::: Information shown

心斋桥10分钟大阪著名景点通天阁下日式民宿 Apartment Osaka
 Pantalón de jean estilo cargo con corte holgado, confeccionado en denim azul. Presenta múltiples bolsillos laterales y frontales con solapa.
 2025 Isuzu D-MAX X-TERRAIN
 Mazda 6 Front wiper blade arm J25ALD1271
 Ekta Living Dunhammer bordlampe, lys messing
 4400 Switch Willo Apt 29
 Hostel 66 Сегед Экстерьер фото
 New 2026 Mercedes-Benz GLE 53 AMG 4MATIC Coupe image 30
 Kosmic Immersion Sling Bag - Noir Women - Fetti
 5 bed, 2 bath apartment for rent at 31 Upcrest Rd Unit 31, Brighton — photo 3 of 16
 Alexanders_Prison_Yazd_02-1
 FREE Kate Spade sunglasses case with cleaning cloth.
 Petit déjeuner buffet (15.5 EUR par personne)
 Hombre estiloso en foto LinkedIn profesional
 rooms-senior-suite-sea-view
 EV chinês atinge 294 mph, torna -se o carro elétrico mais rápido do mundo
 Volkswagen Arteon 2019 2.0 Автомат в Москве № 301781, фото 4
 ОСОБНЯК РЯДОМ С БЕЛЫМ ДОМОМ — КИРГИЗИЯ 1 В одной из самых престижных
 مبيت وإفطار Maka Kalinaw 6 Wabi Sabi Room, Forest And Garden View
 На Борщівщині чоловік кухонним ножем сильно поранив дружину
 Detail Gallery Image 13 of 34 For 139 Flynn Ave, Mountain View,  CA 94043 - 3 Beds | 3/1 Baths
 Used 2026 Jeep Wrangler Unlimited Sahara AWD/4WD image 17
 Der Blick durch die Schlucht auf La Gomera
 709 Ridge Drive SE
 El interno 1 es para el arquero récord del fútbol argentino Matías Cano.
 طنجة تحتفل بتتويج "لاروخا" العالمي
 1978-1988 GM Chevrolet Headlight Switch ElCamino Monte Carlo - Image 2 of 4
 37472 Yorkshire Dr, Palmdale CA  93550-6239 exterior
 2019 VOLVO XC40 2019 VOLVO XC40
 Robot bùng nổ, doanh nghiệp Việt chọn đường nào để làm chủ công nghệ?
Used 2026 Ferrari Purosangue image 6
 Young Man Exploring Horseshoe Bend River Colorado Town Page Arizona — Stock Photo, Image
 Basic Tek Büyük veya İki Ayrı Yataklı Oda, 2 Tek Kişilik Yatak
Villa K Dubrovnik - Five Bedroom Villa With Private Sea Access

::::::

## [Activity]
Repeat, without changes, every line from the one that contains "El interno 1" through the final line of the data.

## [Written answer]
 El interno 1 es para el arquero récord del fútbol argentino Matías Cano.
 طنجة تحتفل بتتويج "لاروخا" العالمي
 1978-1988 GM Chevrolet Headlight Switch ElCamino Monte Carlo - Image 2 of 4
 37472 Yorkshire Dr, Palmdale CA  93550-6239 exterior
 2019 VOLVO XC40 2019 VOLVO XC40
 Robot bùng nổ, doanh nghiệp Việt chọn đường nào để làm chủ công nghệ?
Used 2026 Ferrari Purosangue image 6
 Young Man Exploring Horseshoe Bend River Colorado Town Page Arizona — Stock Photo, Image
 Basic Tek Büyük veya İki Ayrı Yataklı Oda, 2 Tek Kişilik Yatak
Villa K Dubrovnik - Five Bedroom Villa With Private Sea Access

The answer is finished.